On the left hand, there are two possible ways of going about it. The first is merely changing the amount of pressure applied on the baya. Remember from Chapter 3, that baya’s pitch can fluctuate by two factors. The two factors are the distance from of the wrist from the syahi, and the pressure pushed downwards on the baya’s maidan. For vibhags 1, 2, and 4, you may push down and release for every other gha. Also, it is quite common and convenient to use ring and middle fingers.

 

Similarly, it is possibly to slide your wrist up and down for every other “gha” bol used. It is very much recommended that powder is used. Otherwise, the left hand will either feel tired or will have a hard time controlling a slide. A good replacement is using the open and swoop technique shown in drut ektal’s matra 3.

 

As far as timekeeping is concerned, it is much easier to keep time when there is such a high speed.

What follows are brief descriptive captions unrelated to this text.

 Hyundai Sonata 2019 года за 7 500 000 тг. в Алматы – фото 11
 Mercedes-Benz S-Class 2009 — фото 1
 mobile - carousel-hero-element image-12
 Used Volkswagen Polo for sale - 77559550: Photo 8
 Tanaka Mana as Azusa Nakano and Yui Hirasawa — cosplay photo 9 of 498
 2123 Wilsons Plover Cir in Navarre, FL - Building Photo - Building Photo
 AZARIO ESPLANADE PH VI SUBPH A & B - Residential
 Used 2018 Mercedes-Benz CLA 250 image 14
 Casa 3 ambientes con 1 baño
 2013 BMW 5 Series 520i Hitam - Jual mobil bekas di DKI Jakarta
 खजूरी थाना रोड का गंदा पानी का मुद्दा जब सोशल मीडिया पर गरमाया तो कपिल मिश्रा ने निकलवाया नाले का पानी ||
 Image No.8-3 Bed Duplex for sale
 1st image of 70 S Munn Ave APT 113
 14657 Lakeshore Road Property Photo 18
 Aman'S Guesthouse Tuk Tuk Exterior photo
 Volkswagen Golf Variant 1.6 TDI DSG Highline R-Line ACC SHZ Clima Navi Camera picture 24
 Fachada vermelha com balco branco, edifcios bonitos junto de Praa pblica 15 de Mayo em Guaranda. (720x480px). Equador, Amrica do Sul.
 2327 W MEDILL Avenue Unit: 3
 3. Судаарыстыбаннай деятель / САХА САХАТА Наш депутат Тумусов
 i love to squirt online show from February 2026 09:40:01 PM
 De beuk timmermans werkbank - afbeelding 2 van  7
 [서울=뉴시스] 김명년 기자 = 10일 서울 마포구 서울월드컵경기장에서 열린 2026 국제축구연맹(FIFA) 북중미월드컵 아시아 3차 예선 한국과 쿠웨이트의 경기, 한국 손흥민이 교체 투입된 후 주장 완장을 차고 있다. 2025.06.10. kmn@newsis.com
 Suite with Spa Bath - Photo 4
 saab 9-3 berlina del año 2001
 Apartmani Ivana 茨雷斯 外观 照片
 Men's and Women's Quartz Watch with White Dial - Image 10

There are less bols to work with. Usually, this will yield to an approximate 1:1 bol to matra ratio.

 

Depending on which musician you have, you may even have to go faster than drut lay. The lay is called “ati-drut” lay. Only common tala that is known to go at ati-drut lay is tintal. Tintal can maintain its structure without any problems. Try doing an ati-drut ektal at a higher speed than drut ektal. Your fingers will not only hurt if done properly, but the bols and sounds will all seem to blur. Such a blur is never a good thing. Even beyond an ati drut-tintal, the bols and rhythm will become vague and ambiguous. Tintal has such structure that if you incorrectly start off the tala, it will feel like you are playing an odd version of drut bhajani tala.

 

Similarly on the other end, some musicians will play an incredibly ati-vilambit lay which is slower than vilambit lay. Adding too many bols will cause too much saturation between time gaps and playing the tala will resemble a madhya lay. If you didn’t use too many fillers, then it will just be much harder to keep time.

 

Take some of the most common talas from Unit Two and try deriving a drut lay. Some will change like dadra tala and bhajani tala. Look at the bottom two figures to see the differences. Using these examples and the previous examples of ektal and tintal, try to derive drut lays. Once you get the hang of how to derive drut lays, you may move onto the next chapter. The next chapter will give more insights on these lays.